GreenCoding também é acessibilidade

O aquecimento global é um fenômeno climático que influencia a forma como vivemos e nos relacionamos com o planeta. A indústria de desenvolvimento de softwares tem se mobilizado para produzir soluções eficientes com o intuito de reduzir os impactos do setor no meio ambiente e a prática GreenCoding, aplicada pela GFT, é um exemplo disso. Aqui, na Terça Tech, já compartilhamos algumas boas práticas para plataformas mais “green”, com dicas para criação de códigos de desperdício zero que reduzem o consumo de energia e diminuem a pegada de carbono das plataformas.

Mas o que isso tem a ver com acessibilidade?
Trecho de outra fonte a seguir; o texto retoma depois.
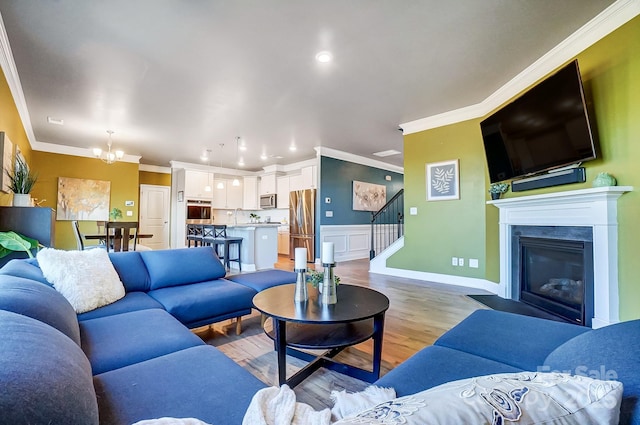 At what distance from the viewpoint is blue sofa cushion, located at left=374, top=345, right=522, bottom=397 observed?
1.02 metres

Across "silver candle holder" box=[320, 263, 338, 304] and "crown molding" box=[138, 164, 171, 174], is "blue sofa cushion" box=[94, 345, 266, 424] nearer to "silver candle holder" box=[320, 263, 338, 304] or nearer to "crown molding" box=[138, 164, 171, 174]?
"silver candle holder" box=[320, 263, 338, 304]

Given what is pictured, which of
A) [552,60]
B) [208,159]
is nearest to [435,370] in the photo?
[552,60]

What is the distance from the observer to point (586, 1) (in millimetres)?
2229

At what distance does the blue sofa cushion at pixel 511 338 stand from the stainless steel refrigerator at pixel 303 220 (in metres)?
5.31

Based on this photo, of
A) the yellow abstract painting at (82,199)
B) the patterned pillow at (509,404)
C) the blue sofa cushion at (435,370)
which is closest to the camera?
the patterned pillow at (509,404)

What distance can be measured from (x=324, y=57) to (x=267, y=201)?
19.8 feet

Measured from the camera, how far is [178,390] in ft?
3.20

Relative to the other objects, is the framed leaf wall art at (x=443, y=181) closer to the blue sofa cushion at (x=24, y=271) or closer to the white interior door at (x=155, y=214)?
the blue sofa cushion at (x=24, y=271)

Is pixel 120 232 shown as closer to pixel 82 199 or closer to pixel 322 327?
pixel 82 199

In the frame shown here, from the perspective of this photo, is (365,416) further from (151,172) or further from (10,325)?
(151,172)

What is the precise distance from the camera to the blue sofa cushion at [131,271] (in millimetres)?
2334

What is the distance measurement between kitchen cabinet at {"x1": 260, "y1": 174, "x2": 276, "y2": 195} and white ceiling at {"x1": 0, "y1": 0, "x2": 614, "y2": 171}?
140 inches

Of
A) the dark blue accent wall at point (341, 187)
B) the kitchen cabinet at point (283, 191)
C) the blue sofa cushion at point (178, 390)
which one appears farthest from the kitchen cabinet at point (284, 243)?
the blue sofa cushion at point (178, 390)

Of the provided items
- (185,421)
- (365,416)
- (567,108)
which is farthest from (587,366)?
(567,108) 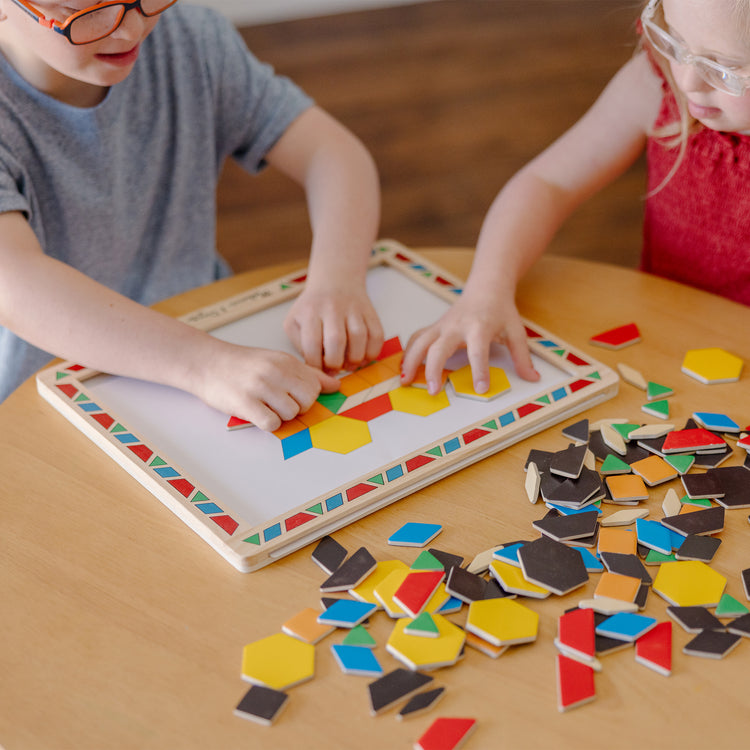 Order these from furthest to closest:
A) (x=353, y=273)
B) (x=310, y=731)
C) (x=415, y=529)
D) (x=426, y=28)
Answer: (x=426, y=28), (x=353, y=273), (x=415, y=529), (x=310, y=731)

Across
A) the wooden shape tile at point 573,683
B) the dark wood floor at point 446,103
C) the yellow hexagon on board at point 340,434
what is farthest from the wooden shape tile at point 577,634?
the dark wood floor at point 446,103

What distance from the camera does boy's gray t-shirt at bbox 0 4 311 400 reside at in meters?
0.96

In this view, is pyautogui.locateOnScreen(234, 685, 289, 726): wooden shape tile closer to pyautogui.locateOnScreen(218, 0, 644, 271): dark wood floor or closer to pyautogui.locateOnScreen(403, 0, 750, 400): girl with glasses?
pyautogui.locateOnScreen(403, 0, 750, 400): girl with glasses

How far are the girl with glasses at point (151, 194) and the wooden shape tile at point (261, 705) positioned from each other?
24 centimetres

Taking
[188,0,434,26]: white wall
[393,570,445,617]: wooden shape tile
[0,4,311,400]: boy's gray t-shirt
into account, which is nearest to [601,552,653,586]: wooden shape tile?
[393,570,445,617]: wooden shape tile

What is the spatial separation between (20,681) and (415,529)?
28 cm

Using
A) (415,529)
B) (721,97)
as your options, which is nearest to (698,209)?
(721,97)

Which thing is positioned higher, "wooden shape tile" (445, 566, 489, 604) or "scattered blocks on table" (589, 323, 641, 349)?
"scattered blocks on table" (589, 323, 641, 349)

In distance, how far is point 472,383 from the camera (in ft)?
2.56

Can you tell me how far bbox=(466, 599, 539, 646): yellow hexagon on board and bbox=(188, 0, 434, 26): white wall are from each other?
293cm

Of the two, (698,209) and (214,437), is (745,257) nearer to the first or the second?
(698,209)

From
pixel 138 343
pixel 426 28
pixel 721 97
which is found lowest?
pixel 426 28

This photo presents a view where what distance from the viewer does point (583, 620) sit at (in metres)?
0.57

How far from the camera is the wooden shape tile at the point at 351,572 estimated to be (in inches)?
23.5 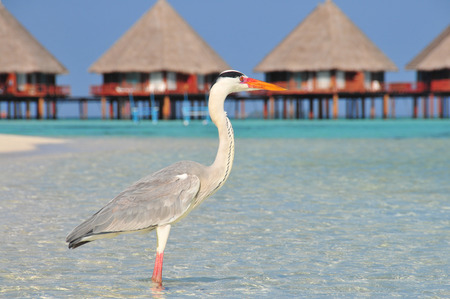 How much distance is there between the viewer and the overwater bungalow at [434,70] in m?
48.8

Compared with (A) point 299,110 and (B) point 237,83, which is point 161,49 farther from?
(B) point 237,83

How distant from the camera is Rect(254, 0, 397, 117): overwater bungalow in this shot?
48.8m

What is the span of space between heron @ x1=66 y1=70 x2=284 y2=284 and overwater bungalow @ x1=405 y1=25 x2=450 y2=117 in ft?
147

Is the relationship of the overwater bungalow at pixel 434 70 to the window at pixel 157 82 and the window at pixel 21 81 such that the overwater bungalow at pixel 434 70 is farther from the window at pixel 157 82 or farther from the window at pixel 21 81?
the window at pixel 21 81

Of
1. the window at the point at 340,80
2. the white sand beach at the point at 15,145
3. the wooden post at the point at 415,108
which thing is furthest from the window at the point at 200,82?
the white sand beach at the point at 15,145

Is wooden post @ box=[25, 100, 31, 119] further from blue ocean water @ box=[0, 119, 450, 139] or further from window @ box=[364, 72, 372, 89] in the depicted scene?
window @ box=[364, 72, 372, 89]

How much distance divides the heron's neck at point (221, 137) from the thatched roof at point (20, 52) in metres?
47.4

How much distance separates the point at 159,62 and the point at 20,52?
939 centimetres

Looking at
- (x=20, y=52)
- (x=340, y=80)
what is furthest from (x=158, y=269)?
(x=20, y=52)

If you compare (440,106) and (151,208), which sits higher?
(151,208)

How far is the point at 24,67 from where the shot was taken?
5081 cm

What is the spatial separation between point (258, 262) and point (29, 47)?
4843 cm

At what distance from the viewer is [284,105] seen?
184 ft

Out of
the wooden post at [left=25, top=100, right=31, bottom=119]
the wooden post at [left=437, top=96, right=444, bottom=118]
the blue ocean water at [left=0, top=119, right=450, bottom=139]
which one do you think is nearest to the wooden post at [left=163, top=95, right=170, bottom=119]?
the blue ocean water at [left=0, top=119, right=450, bottom=139] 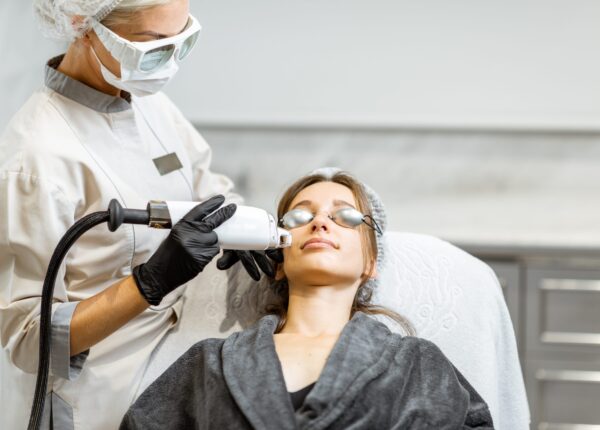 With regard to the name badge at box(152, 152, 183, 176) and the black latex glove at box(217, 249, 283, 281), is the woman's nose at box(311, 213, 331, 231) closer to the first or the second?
the black latex glove at box(217, 249, 283, 281)

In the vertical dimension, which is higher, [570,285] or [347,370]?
[347,370]

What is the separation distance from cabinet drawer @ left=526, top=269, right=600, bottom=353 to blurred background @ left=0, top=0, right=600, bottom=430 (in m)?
0.22

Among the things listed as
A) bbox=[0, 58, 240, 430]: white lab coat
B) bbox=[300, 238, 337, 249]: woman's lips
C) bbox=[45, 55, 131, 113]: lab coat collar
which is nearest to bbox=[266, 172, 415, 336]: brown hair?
bbox=[300, 238, 337, 249]: woman's lips

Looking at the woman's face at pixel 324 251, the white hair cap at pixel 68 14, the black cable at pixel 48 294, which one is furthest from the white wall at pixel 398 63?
the black cable at pixel 48 294

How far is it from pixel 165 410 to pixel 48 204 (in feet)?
1.58

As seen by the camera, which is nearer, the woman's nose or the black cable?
the black cable

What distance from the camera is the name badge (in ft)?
6.30

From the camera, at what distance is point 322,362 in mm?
1709

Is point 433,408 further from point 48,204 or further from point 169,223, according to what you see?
point 48,204

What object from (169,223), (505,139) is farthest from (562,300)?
(169,223)

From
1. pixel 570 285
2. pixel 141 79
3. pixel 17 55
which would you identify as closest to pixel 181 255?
pixel 141 79

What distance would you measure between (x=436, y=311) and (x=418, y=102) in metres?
1.40

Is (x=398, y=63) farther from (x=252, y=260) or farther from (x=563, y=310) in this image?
(x=252, y=260)

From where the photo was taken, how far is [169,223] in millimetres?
1588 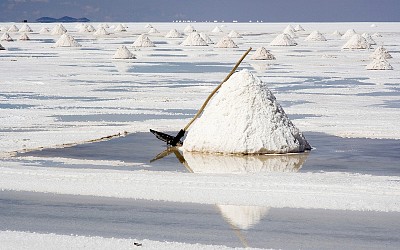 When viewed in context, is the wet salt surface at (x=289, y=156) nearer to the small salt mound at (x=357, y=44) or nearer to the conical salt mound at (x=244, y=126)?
the conical salt mound at (x=244, y=126)

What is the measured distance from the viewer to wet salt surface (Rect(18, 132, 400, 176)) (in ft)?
26.2

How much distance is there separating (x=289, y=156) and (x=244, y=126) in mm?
515

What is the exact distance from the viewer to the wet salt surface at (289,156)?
799cm

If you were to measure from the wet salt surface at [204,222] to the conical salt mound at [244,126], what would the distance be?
96.5 inches

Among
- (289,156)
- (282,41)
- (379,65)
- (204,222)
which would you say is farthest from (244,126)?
(282,41)

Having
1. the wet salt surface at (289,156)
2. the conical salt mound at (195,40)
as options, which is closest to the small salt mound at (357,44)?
the conical salt mound at (195,40)

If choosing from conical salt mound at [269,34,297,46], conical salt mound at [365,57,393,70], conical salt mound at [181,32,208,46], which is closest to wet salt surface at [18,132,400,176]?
conical salt mound at [365,57,393,70]

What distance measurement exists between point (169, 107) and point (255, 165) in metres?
5.72

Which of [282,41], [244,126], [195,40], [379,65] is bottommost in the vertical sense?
[244,126]

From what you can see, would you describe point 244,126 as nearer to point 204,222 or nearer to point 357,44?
point 204,222

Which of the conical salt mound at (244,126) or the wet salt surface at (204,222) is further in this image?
the conical salt mound at (244,126)

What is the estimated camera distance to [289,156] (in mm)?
8734

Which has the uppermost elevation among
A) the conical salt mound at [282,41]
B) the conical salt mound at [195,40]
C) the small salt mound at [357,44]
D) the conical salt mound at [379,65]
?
the conical salt mound at [195,40]

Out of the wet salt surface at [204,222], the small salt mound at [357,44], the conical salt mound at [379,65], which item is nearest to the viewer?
the wet salt surface at [204,222] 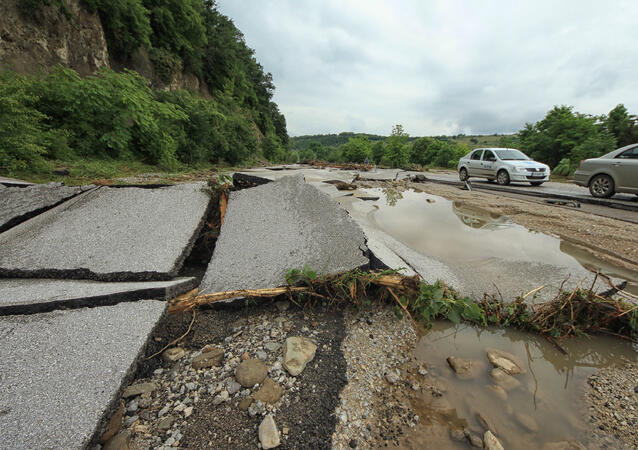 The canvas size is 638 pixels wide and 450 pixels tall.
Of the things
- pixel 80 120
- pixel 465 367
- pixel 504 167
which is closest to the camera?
pixel 465 367

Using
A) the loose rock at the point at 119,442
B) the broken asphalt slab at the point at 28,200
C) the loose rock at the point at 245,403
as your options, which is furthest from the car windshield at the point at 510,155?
the broken asphalt slab at the point at 28,200

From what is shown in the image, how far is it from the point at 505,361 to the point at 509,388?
154mm

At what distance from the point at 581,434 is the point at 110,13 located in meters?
15.5

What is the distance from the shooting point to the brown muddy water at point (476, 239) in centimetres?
238

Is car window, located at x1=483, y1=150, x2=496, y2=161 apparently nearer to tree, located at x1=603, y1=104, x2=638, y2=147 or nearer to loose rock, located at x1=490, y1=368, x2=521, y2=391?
loose rock, located at x1=490, y1=368, x2=521, y2=391

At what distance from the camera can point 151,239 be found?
179 cm

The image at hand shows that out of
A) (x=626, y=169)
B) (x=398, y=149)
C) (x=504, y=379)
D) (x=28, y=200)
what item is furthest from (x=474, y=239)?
(x=398, y=149)

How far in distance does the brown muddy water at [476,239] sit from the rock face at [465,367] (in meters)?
1.19

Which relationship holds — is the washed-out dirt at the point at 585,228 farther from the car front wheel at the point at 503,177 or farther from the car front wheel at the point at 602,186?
the car front wheel at the point at 503,177

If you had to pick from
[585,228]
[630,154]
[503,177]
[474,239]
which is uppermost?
→ [630,154]

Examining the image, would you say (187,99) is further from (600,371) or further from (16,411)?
(600,371)

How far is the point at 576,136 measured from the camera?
15.3 meters

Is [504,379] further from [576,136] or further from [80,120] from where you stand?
[576,136]

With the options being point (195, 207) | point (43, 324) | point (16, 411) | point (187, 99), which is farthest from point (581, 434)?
point (187, 99) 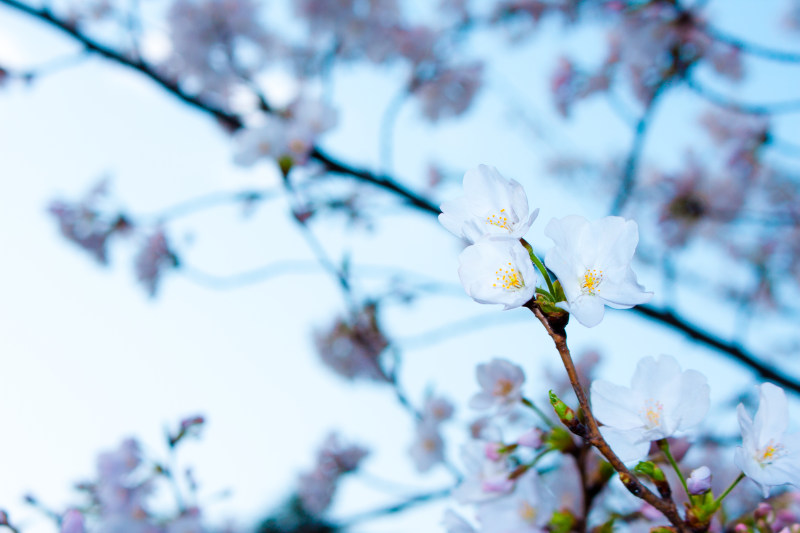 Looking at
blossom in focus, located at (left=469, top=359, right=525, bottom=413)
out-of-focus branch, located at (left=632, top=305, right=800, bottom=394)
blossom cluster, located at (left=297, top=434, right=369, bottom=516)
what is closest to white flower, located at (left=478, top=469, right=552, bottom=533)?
blossom in focus, located at (left=469, top=359, right=525, bottom=413)

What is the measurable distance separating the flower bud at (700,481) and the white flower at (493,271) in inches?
10.7

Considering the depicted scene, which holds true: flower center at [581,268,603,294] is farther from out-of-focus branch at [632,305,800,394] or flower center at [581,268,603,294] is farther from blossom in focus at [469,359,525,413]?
out-of-focus branch at [632,305,800,394]

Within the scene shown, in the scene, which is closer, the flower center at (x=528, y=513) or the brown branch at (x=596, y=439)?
the brown branch at (x=596, y=439)

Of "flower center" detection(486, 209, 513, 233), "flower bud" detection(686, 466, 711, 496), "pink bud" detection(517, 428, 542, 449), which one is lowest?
"flower bud" detection(686, 466, 711, 496)

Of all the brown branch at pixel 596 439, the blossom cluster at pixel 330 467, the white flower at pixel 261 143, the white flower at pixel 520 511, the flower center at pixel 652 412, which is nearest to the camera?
the brown branch at pixel 596 439

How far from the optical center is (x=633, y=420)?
651 mm

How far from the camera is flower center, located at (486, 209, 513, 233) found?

Antes de tudo, é fundamental entender que acessibilidade vai muito além de uma interface. Inclusão tem por objetivo diluir barreiras, sejam elas visuais, físicas, sociais ou cognitivas. Falar de acessibilidade é falar sobre como vamos integrar pessoas na realização de uma atividade, produto ou serviço, garantindo que todas tenham as mesmas possibilidades de interagir.

Atualmente, mais de 1 bilhão de pessoas no mundo vivem com alguma limitação. São pessoas com diferentes graus de privações, temporárias ou permanentes, e não estamos citando apenas dificuldades motoras, visuais ou auditivas como: daltonismo, baixa visão, sensibilidade a luz, limitações de movimento que surgem com a idade ou acidentes. Pensar na acessibilidade é levar em conta, também, aspectos culturais, sociais e econômicos, por exemplo, que podem dificultar o acesso à tecnologia.

Toda semana, milhões de pessoas ingressam na web pela primeira vez na vida. São os chamados NBU (Next Billion users), usuários com características de conexões desafiadoras. Segundo o site Google Next Billion Users, plataforma fomentada pela Google para estudar os hábitos desses novos usuários. Calcula-se que até 2025, mais de um bilhão de pessoas irão entrar para o mundo digital. E esses novos usuários vêm de todos os lugares do mundo, principalmente de países como: Índia, México, Nigéria, África do Sul, Vietnã e Brasil.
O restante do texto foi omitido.